Vogliono aiutare la gente del posto, e vanno al di là di quanto anche può
apparire ragionevole per farlo, ma vengono criticati per la gentrificazione
dell'area. Si è straziati di imbarazzo a seguirne il processo creativo,
dove il limite fra realtà e reality è costantemente ridefinito, ci sono
inquadrature che danno il senso di spiare attraverso il buco della serratura e
molte interazioni sono fatte a uso e consumo delle telecamere. Versano
dell’acqua sugli occhi di una donna che sta morendo di cancro, con un po’ di
mentolo perché siano arrossati per un effetto più realistico, per fingere
lacrime di gratitudine perché hanno trovato un lavoro al figlio. Non si
potrebbe essere più spietati nel mettere a nudo la compassione o la generosità
puramente performative. O nel puntare il dito contro l’atteggiamento da “white
savior” (salvatore bianco). Lui regala 100 dollari a delle bimbe che fanno le
venditrici ambulanti di bevande gassate, ma come scena, poi li rivuole
indietro, e da qui la maledizione, la “curse” del titolo da cui Nathan si sente
perseguitato per molto del tempo. Era solo una challenge di TikTok, ma è vera
perché ci credono?
Il confine fa realtà e
finzione è continuamente rinegoziato, e non è un caso che a ideare il programma
sia stato insieme a Safide proprio Filler, noto per programmi sperimentali
come The Rehersal e Nathan for You in cui proprio questo spazio liminale
viene costantemente e intelligentemente interrogato. Le puntate non sono tanto
costruite su atti, quando su moduli che si susseguono.

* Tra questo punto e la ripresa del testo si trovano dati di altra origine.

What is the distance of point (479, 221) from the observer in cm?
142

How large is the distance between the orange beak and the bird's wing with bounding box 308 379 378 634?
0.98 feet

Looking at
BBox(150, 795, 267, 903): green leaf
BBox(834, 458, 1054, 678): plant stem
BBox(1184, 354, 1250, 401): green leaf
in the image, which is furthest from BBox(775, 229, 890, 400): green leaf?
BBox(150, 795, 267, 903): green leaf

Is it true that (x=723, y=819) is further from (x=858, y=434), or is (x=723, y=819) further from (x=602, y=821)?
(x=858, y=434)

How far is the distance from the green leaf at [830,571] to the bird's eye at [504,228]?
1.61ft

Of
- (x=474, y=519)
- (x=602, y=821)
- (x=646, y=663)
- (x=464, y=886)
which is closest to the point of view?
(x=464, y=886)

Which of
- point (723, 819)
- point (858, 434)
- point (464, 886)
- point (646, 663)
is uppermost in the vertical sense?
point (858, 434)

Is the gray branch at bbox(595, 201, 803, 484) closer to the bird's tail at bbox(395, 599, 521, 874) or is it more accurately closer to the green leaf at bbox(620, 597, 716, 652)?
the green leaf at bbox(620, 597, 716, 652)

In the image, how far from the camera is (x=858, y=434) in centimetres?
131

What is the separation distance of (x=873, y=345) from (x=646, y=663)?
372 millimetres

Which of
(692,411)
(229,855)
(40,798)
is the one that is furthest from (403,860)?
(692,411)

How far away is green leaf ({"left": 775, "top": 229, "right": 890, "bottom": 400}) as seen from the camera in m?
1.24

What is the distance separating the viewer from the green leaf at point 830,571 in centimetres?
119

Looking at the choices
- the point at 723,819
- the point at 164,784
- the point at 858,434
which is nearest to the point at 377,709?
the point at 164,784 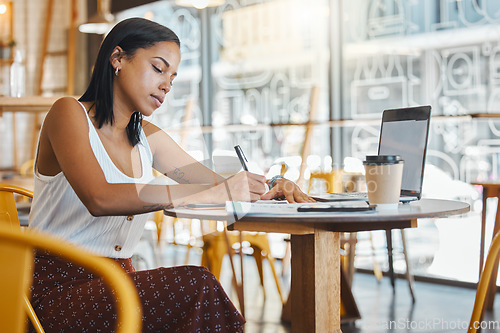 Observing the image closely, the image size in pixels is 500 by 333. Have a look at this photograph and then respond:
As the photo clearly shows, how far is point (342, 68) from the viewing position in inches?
196

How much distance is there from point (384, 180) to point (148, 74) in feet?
2.24

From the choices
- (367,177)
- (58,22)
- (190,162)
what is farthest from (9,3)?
(367,177)

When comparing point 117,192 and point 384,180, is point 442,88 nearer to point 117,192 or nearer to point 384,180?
point 384,180

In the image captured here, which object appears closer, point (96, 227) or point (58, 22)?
point (96, 227)

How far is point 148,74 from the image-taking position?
1732 millimetres

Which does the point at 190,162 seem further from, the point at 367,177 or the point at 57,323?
the point at 57,323

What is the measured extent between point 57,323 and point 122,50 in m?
0.74

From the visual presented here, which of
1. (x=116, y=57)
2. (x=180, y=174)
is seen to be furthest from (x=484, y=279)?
(x=116, y=57)

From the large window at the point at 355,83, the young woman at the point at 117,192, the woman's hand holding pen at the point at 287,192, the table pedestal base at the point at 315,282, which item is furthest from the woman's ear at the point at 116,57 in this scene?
the large window at the point at 355,83

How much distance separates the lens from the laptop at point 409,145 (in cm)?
190

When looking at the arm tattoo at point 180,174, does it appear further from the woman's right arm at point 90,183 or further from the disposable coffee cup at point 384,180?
the disposable coffee cup at point 384,180

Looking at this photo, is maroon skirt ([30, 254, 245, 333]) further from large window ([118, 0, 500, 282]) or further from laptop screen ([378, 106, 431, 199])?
large window ([118, 0, 500, 282])

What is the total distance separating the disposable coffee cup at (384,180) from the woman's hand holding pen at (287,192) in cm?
26

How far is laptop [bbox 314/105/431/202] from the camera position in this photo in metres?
1.90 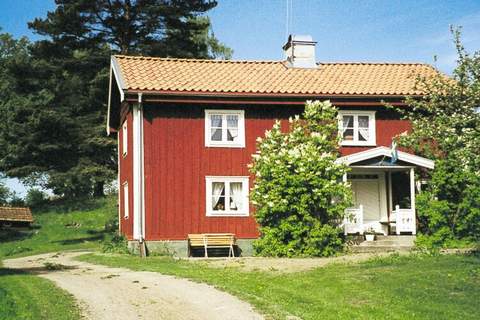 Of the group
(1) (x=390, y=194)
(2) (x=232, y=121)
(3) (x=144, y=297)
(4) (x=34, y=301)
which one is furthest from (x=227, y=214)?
(4) (x=34, y=301)

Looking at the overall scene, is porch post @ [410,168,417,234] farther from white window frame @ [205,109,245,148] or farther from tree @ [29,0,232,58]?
tree @ [29,0,232,58]

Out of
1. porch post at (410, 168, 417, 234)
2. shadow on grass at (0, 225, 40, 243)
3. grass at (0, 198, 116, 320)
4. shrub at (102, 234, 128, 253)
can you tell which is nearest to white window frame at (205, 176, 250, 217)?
shrub at (102, 234, 128, 253)

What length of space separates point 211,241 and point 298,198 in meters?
3.59

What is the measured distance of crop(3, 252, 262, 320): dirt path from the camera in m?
11.4

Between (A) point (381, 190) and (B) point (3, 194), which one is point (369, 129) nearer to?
(A) point (381, 190)

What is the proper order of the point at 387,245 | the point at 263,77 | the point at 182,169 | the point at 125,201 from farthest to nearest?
1. the point at 125,201
2. the point at 263,77
3. the point at 182,169
4. the point at 387,245

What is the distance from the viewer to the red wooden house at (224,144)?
24062 millimetres

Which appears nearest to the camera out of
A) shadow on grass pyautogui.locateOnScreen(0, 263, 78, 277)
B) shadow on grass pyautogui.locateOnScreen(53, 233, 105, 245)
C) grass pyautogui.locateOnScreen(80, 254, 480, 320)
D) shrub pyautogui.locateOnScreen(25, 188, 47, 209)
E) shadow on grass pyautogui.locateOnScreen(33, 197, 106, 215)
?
grass pyautogui.locateOnScreen(80, 254, 480, 320)

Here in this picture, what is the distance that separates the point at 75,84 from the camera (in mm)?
43750

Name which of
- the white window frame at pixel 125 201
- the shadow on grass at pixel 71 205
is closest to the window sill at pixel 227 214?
the white window frame at pixel 125 201

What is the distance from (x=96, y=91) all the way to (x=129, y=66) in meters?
16.7

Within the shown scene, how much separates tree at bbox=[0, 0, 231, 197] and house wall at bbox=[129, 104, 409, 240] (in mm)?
18247

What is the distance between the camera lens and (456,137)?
1644 cm

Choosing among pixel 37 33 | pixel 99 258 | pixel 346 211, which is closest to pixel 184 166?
pixel 99 258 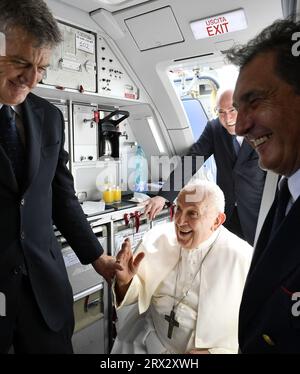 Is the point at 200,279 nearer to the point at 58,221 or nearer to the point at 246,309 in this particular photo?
the point at 246,309

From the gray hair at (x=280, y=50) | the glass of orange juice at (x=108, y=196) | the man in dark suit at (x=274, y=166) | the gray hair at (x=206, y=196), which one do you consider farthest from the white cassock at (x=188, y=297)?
the glass of orange juice at (x=108, y=196)

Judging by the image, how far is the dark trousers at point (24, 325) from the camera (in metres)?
1.08

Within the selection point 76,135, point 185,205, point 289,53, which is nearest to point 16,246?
point 185,205

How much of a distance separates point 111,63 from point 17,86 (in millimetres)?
1590

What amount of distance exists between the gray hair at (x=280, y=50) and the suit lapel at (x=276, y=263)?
0.37m

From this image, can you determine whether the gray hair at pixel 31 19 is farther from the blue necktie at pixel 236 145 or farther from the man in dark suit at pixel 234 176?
the blue necktie at pixel 236 145

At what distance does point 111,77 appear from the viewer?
245cm

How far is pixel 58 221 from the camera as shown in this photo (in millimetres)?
1396

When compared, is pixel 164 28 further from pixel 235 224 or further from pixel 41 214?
pixel 41 214

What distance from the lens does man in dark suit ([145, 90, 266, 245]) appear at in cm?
194

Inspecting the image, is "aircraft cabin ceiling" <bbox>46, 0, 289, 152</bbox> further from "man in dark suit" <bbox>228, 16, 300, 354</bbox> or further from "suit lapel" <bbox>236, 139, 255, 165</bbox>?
"man in dark suit" <bbox>228, 16, 300, 354</bbox>

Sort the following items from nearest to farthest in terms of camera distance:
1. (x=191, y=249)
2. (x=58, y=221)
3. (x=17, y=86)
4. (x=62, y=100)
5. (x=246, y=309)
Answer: (x=246, y=309), (x=17, y=86), (x=58, y=221), (x=191, y=249), (x=62, y=100)

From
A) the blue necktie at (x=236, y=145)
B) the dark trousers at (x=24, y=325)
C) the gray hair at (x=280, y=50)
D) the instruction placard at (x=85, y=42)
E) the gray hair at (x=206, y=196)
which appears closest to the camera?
the gray hair at (x=280, y=50)

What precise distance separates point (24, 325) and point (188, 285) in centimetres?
73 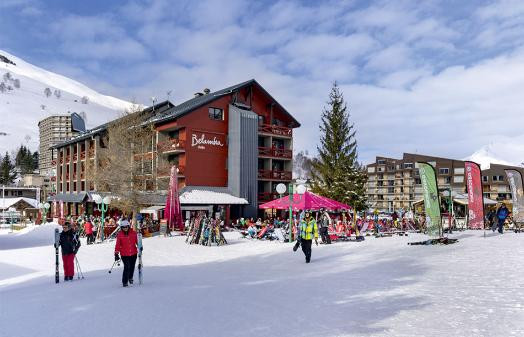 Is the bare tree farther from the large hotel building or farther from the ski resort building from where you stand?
the large hotel building

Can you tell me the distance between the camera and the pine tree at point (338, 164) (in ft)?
138

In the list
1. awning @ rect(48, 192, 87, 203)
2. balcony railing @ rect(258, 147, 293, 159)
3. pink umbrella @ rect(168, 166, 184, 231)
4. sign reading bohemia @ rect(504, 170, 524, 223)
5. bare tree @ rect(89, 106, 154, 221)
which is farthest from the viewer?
awning @ rect(48, 192, 87, 203)

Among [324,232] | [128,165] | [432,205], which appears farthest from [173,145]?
[432,205]

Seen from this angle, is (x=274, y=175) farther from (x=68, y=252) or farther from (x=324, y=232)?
(x=68, y=252)

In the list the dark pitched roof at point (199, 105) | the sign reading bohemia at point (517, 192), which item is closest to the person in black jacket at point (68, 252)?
the sign reading bohemia at point (517, 192)

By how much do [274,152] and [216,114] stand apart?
6950 millimetres

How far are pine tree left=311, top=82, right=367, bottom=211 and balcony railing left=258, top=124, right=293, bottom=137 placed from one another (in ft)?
14.0

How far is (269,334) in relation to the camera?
646cm

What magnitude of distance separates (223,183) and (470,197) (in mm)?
22323

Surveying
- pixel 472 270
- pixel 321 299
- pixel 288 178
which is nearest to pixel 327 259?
pixel 472 270

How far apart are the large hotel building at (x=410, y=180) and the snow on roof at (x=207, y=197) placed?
53.4 metres

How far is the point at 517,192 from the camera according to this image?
970 inches

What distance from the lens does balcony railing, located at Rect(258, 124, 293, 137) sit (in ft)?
139

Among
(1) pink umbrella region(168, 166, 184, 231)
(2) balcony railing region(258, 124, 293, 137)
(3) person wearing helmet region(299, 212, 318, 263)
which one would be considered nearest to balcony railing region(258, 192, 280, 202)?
(2) balcony railing region(258, 124, 293, 137) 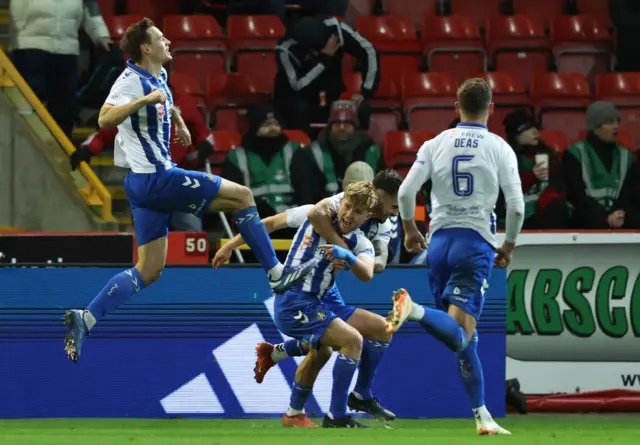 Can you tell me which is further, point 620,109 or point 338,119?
point 620,109

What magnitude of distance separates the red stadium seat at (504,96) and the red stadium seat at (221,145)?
2552 mm

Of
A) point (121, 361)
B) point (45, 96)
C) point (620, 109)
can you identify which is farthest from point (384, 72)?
point (121, 361)

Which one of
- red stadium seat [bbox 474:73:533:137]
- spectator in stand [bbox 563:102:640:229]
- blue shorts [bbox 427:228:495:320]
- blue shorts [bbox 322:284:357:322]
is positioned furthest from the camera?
red stadium seat [bbox 474:73:533:137]

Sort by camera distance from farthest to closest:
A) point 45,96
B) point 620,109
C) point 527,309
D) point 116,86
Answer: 1. point 620,109
2. point 45,96
3. point 527,309
4. point 116,86

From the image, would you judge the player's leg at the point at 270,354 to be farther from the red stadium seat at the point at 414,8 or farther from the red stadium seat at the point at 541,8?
the red stadium seat at the point at 541,8

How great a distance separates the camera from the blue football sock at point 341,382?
9.19 m

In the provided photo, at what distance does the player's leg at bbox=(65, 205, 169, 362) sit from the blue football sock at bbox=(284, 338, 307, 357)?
3.63 ft

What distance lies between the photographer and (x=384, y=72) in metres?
15.3

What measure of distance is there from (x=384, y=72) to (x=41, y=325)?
5.88m

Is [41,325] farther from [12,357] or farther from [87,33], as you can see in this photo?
[87,33]

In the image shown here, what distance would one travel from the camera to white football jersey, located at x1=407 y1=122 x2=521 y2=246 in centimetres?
820

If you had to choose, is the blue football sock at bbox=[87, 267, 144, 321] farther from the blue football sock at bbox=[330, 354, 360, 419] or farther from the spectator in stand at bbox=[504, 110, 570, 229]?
the spectator in stand at bbox=[504, 110, 570, 229]

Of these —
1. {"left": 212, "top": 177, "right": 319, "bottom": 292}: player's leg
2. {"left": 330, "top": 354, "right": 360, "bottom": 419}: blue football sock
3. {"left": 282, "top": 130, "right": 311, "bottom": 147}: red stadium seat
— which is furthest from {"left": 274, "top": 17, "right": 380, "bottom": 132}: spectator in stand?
{"left": 330, "top": 354, "right": 360, "bottom": 419}: blue football sock

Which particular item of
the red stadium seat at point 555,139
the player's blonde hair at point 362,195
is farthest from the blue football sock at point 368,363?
the red stadium seat at point 555,139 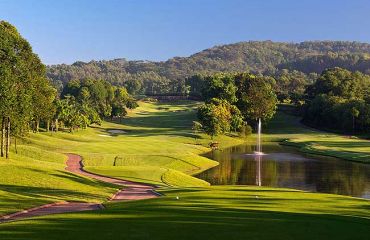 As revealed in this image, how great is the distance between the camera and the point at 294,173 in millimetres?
64438

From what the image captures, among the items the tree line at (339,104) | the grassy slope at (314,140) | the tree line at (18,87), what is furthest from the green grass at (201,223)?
the tree line at (339,104)

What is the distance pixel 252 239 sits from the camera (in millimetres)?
17344

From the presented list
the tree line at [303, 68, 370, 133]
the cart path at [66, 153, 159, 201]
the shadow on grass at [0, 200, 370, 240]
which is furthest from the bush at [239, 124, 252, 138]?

Le sorti incerte della
produzione si alternano a quelle della loro vita personale: si mette in dubbio
la sincerità di lei anche per le pratiche dei propri genitori, si demolisce la
capacità umoristica di lui, un Dougie privo di scrupoli si incunea nel rapporto
facendo temporaneamente credere che questo renderebbe la loro idea più
drammaticamente appetibile ai network, ci si deve relazionare con vari
interlocutori, fra cui un’artista del Pueblo Picuris di nome Cara Durand (Nizhonniya
Luxi Austin) – tutte le scene con quest’ultima sono follemente geniali…Ansia,
mortificazione, senso di inadeguatezza abbondano.
Si tratta di un programma complesso, originalissimo e difficile da classificare anche se viene considerato una black comedy-drama thriller satirico. Non è una serie, di cui non è completamente esclusa una seconda stagione, che si guardi sempre con piacere. Ha scritto bene Daniel Fienberg su The Hollywood Reporter, quando ha detto che “è un luogo visceralmente sgradevole” da visitare e che la “serie ha affinato l'umiliazione e l'antipatia fino al limite del kink, e i vari malintesi e le intenzioni discutibili rendono difficile tifare per qualcosa in particolare, se non per l'incenerimento di molte delle nostre illusioni culturalmente condivise”. Indubbiamente sviscera in modo chirurgico il tema dell’autenticità ed è pregno di riflessioni. Affascinante, idiosincratico e da non perdere.